WHAT TO DO
All that should be output is the block of lines below from the line with "Celina Sinden" to the line with "3722 Willow Glenn Circle Gallery 4", both included, exactly as written.

DATA SECTION
+++
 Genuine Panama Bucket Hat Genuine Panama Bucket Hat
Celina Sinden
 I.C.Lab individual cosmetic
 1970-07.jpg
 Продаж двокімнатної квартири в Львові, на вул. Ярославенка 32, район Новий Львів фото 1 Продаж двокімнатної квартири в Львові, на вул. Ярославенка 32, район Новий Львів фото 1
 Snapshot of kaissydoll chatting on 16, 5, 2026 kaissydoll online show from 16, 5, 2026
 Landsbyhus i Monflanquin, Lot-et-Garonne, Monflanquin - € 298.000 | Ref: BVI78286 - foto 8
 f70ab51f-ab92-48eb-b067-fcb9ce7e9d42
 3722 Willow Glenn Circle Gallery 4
+++
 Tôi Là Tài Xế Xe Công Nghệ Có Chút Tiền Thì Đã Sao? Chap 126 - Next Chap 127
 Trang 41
+++
ANSWER BOX
Celina Sinden
 I.C.Lab individual cosmetic
 1970-07.jpg
 Продаж двокімнатної квартири в Львові, на вул. Ярославенка 32, район Новий Львів фото 1 Продаж двокімнатної квартири в Львові, на вул. Ярославенка 32, район Новий Львів фото 1
 Snapshot of kaissydoll chatting on 16, 5, 2026 kaissydoll online show from 16, 5, 2026
 Landsbyhus i Monflanquin, Lot-et-Garonne, Monflanquin - € 298.000 | Ref: BVI78286 - foto 8
 f70ab51f-ab92-48eb-b067-fcb9ce7e9d42
 3722 Willow Glenn Circle Gallery 4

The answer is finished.